* _GIVEN ENTRIES_:

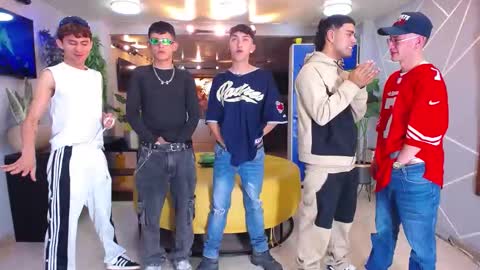 THOMAS AND DAMIAND online show from October 8, 2025, 4:10 am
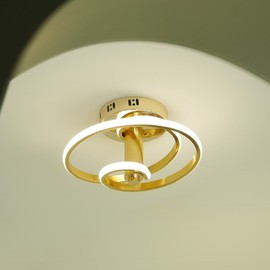 LED/Beauty/20W/4000K/Gold/White/Sensor
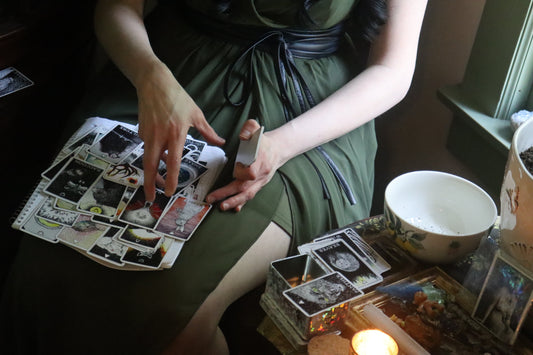 Jessica Liedke + Tea & Tarot Interview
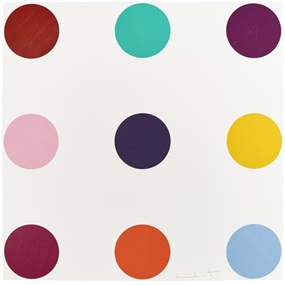 Tryptophan by Damien Hirst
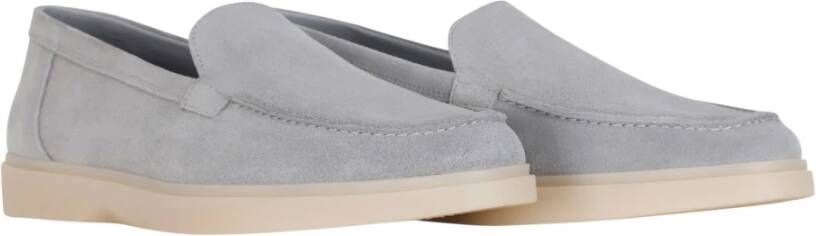 Mason Garments Amalfi Loafer Instappers Gray Heren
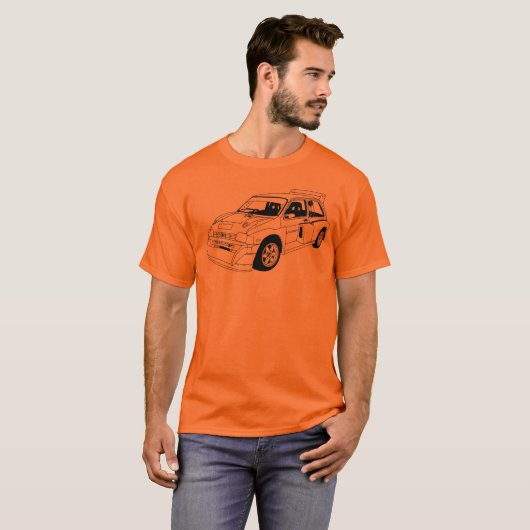 Austin Metro 6R4 T - Shirt (Vorne ganz)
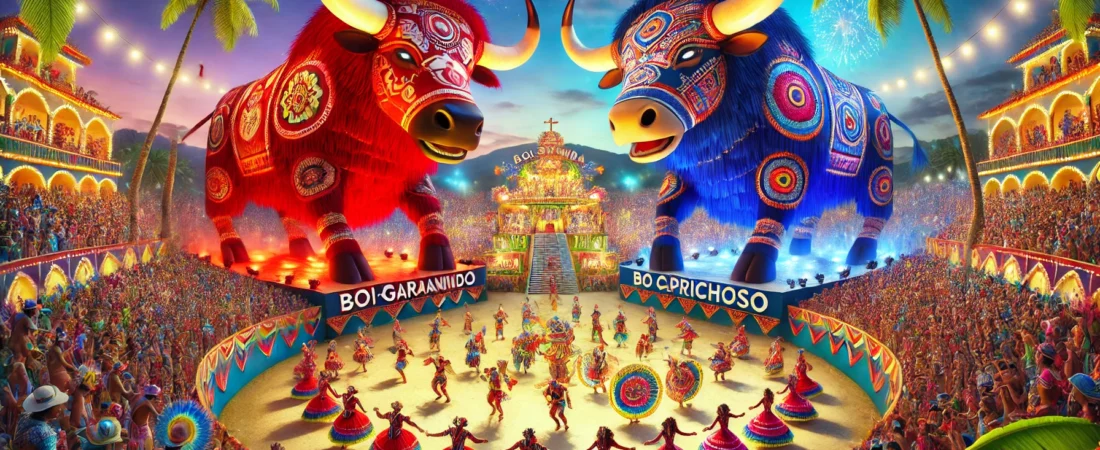 Boi-Bumbá: História, Cultura e o Festival de Parintins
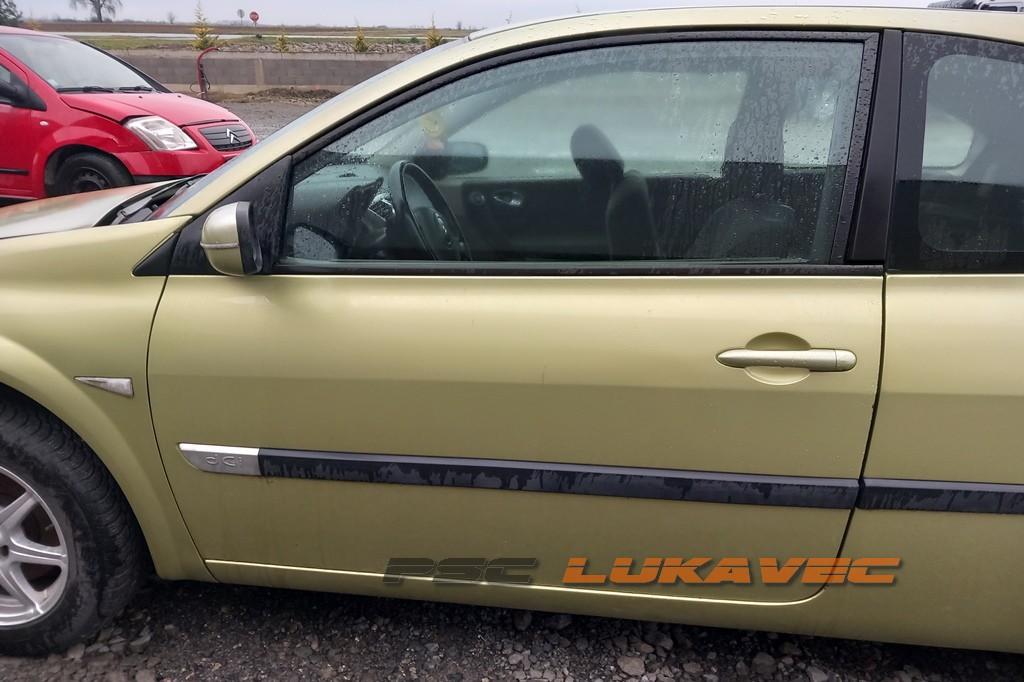 RENAULT MEGANE 2 LIJEVA VRATA 2003.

* _PROBLEM STATEMENT_:
The whole of the data needs to be copied word for word, though not its pictures.

* _COMPLETED TASK_:
 THOMAS AND DAMIAND online show from October 8, 2025, 4:10 am
 LED/Beauty/20W/4000K/Gold/White/Sensor
 Jessica Liedke + Tea & Tarot Interview
 Tryptophan by Damien Hirst
 Mason Garments Amalfi Loafer Instappers Gray Heren
 Austin Metro 6R4 T - Shirt (Vorne ganz)
 Boi-Bumbá: História, Cultura e o Festival de Parintins
 RENAULT MEGANE 2 LIJEVA VRATA 2003.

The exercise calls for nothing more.